Records from a dataset:
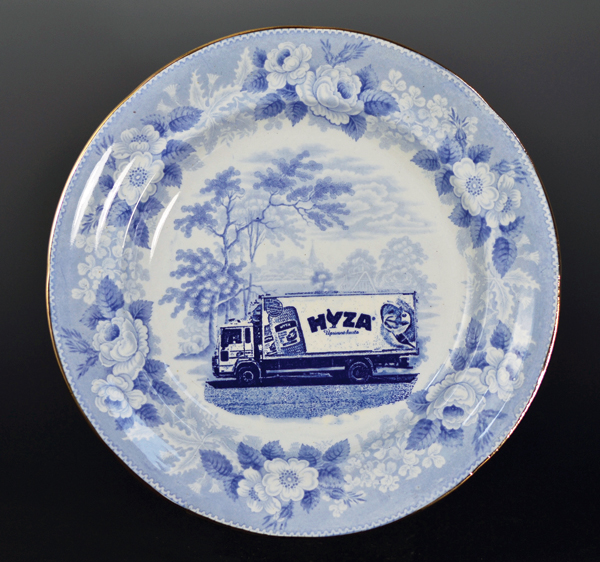 1 Paul Scott’s Cumbrian Blue(s) Refugee Series No.1, in-glaze decal collage on partially erased transferware plate by unknown maker, 2016. Copyright Paul Scott. 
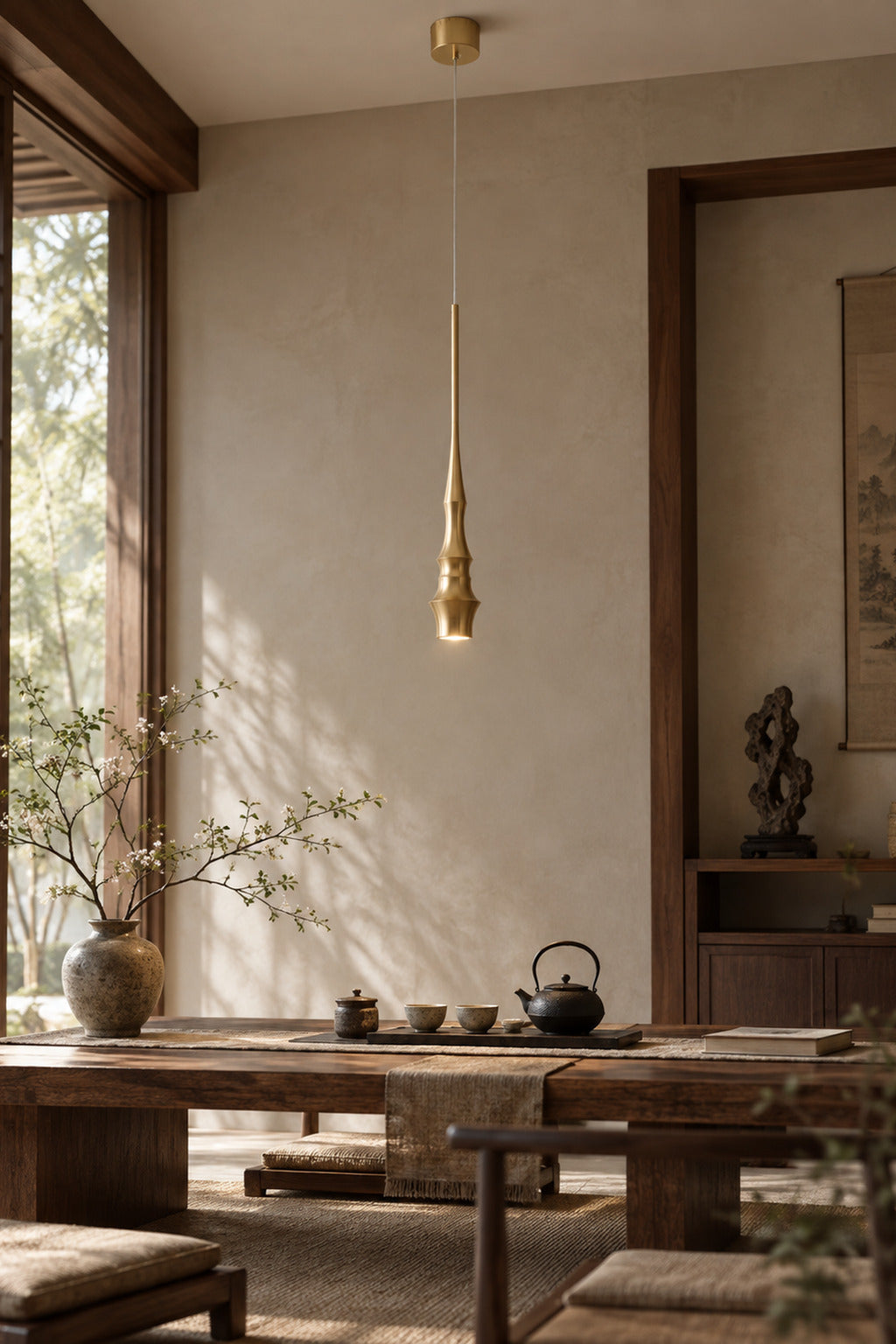 Torvelle Brushed Gold Sculptural Pendant Light in a styled interior scene 2 · CDE expanded 2026-09-21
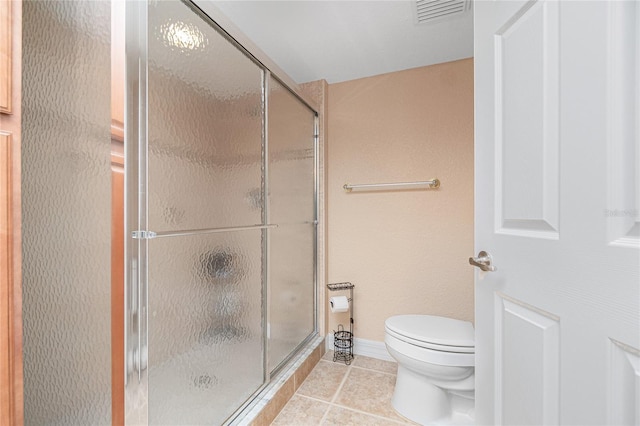 bathroom with toilet, an enclosed shower, and tile patterned floors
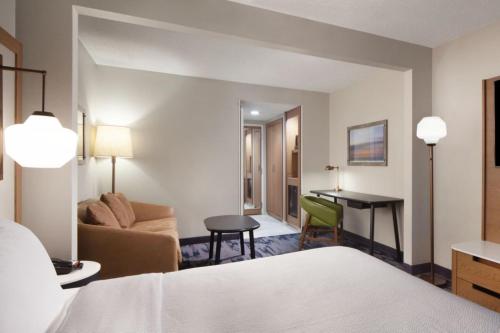 a hotel room with a bed and a couch and a desk at Fairfield Inn & Suites by Marriott Charleston in Charleston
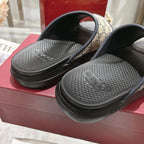Close-up of Gucci GG slide sandals footbeds with textured black tread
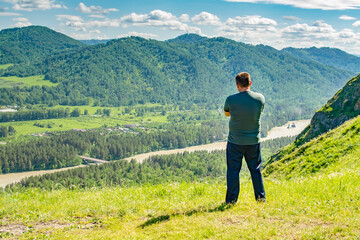 a man stands on the top of a mountain and looks thoughtfully at a mountain valley with a river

**YOUR ASSIGNMENT:**
All lines from the one containing "bathroom with toilet, an" through the end of the data are to be written out exactly, with nothing added; skip the pictures.

**RESULT FOR THIS TASK:**
 bathroom with toilet, an enclosed shower, and tile patterned floors
 a hotel room with a bed and a couch and a desk at Fairfield Inn & Suites by Marriott Charleston in Charleston
Close-up of Gucci GG slide sandals footbeds with textured black tread
 a man stands on the top of a mountain and looks thoughtfully at a mountain valley with a river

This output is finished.